About this exercise:
Go through the records and restate them word for word, omitting images.
Top of Extracted data
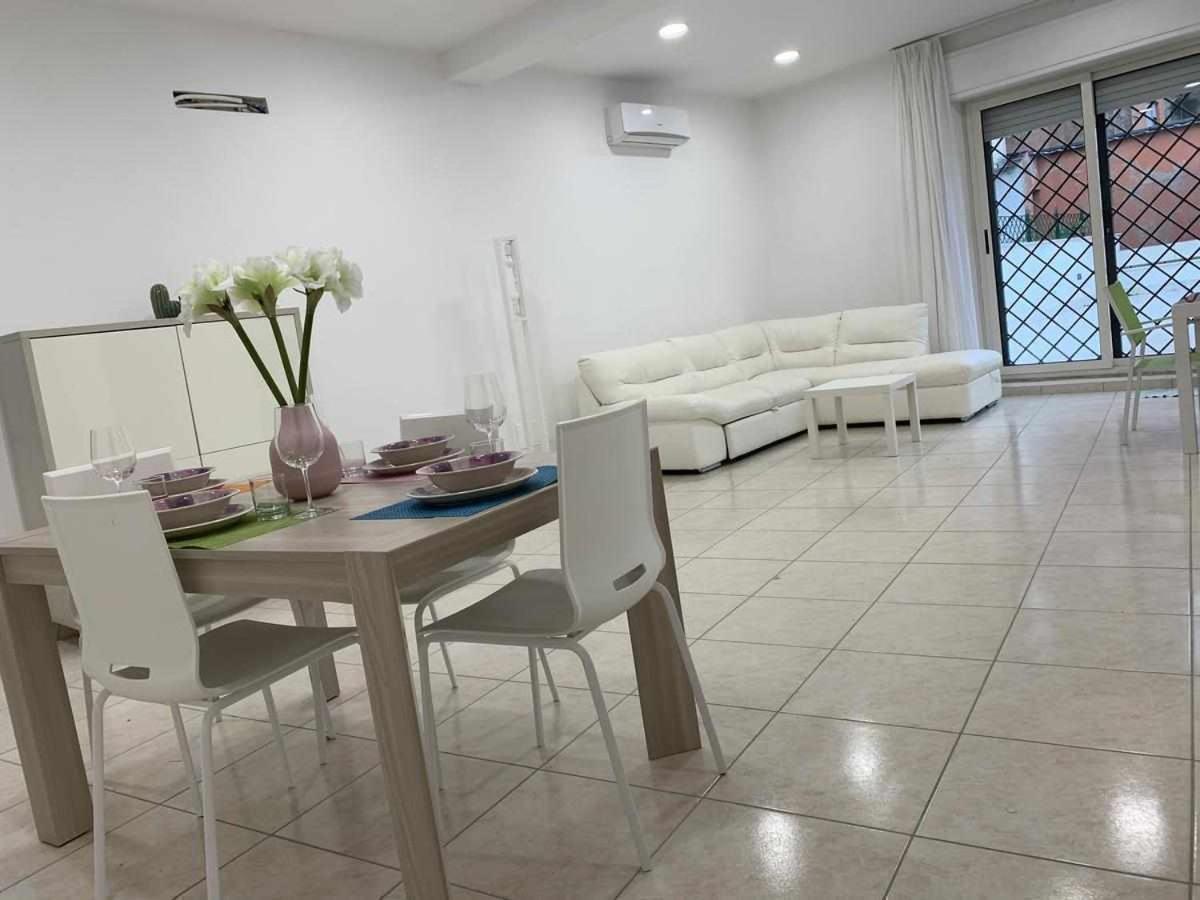 Apartamento Mediterranean House Nettuno Exterior foto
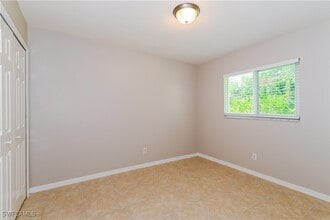 Building Photo - 1322 SE 33rd Terrace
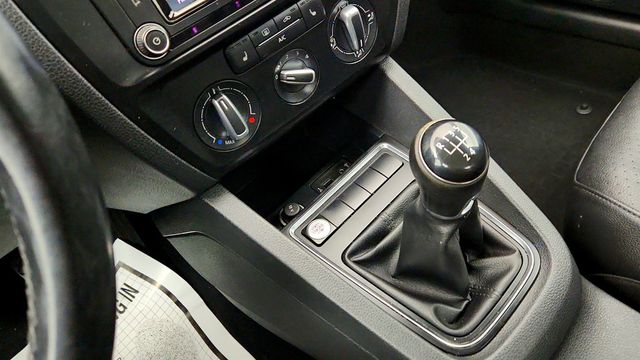 2017 Volkswagen Jetta 1.4T SE Manual - 23000119 - 16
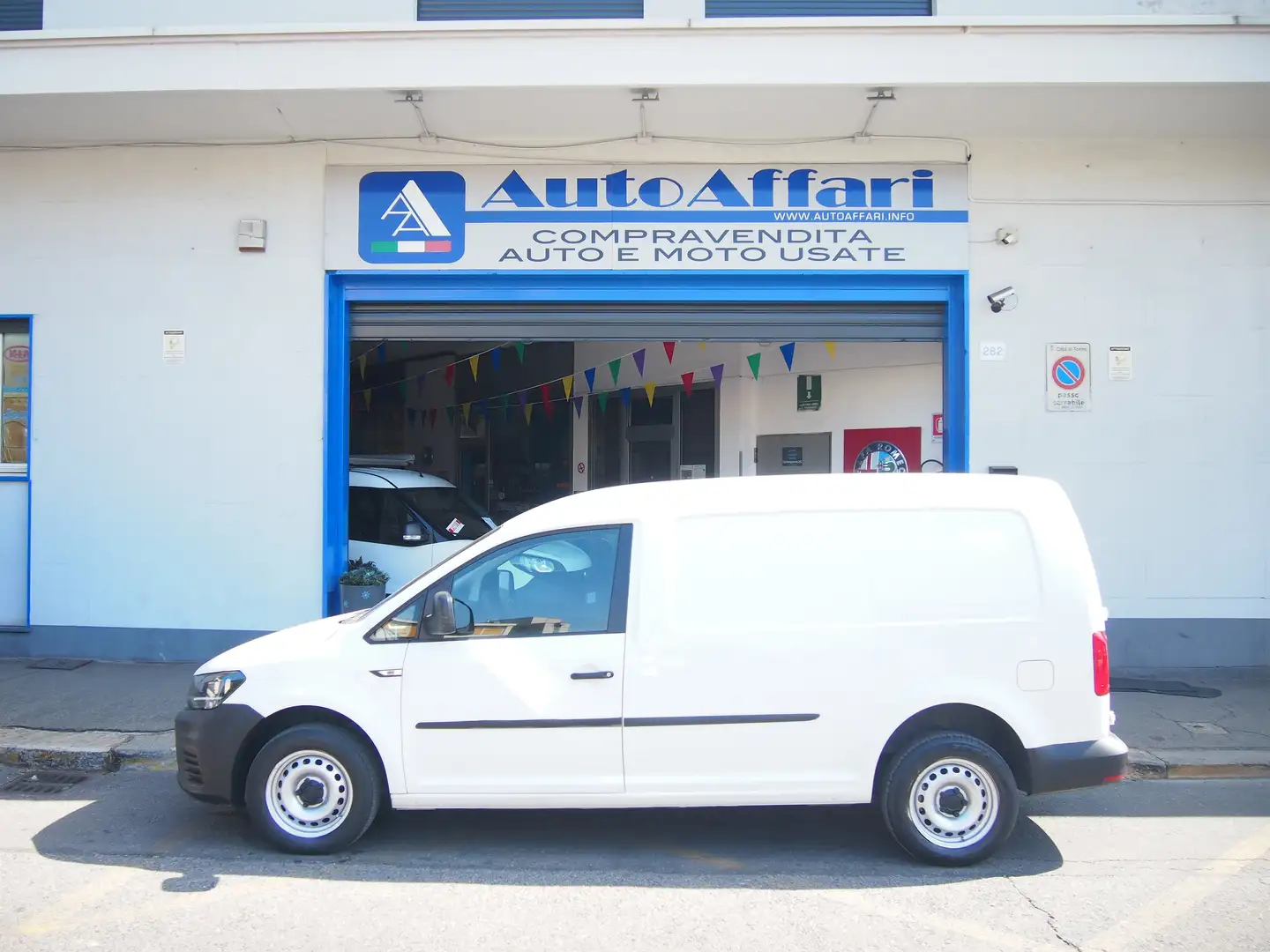 Volkswagen Caddy 1.4 TGI 110CV MAXI LUNGO Bianco - 2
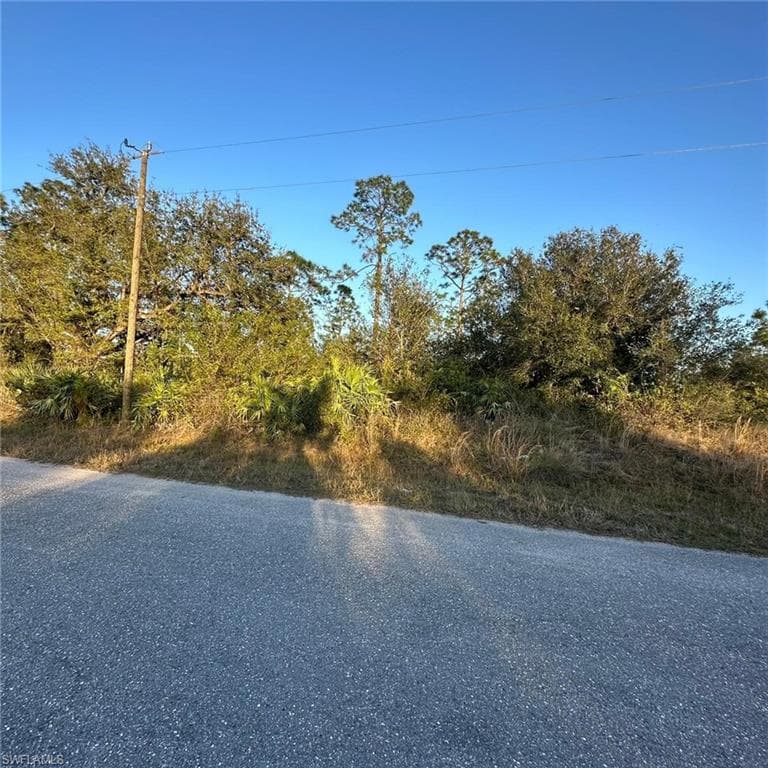 902 Johns Ave, Lehigh Acres, FL 33972-3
Bottom of Extracted data
Solution for this problem:
 Apartamento Mediterranean House Nettuno Exterior foto
 Building Photo - 1322 SE 33rd Terrace
 2017 Volkswagen Jetta 1.4T SE Manual - 23000119 - 16
 Volkswagen Caddy 1.4 TGI 110CV MAXI LUNGO Bianco - 2
 902 Johns Ave, Lehigh Acres, FL 33972-3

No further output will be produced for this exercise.